TASK REQUIREMENTS -
Reproduce the closing part of the entries exactly: the line with "Set of 2 Fluted" and all lines after it, ending with the last line, and nothing else.

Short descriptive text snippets
------------------------------

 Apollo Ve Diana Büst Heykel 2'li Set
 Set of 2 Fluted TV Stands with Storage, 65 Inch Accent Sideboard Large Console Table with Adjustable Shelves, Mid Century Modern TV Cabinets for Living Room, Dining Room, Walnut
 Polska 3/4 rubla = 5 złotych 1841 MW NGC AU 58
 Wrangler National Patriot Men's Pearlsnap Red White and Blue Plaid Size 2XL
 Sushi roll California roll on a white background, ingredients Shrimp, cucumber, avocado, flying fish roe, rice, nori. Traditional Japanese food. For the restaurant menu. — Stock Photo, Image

------------------------------

WRITTEN RESPONSE -
 Set of 2 Fluted TV Stands with Storage, 65 Inch Accent Sideboard Large Console Table with Adjustable Shelves, Mid Century Modern TV Cabinets for Living Room, Dining Room, Walnut
 Polska 3/4 rubla = 5 złotych 1841 MW NGC AU 58
 Wrangler National Patriot Men's Pearlsnap Red White and Blue Plaid Size 2XL
 Sushi roll California roll on a white background, ingredients Shrimp, cucumber, avocado, flying fish roe, rice, nori. Traditional Japanese food. For the restaurant menu. — Stock Photo, Image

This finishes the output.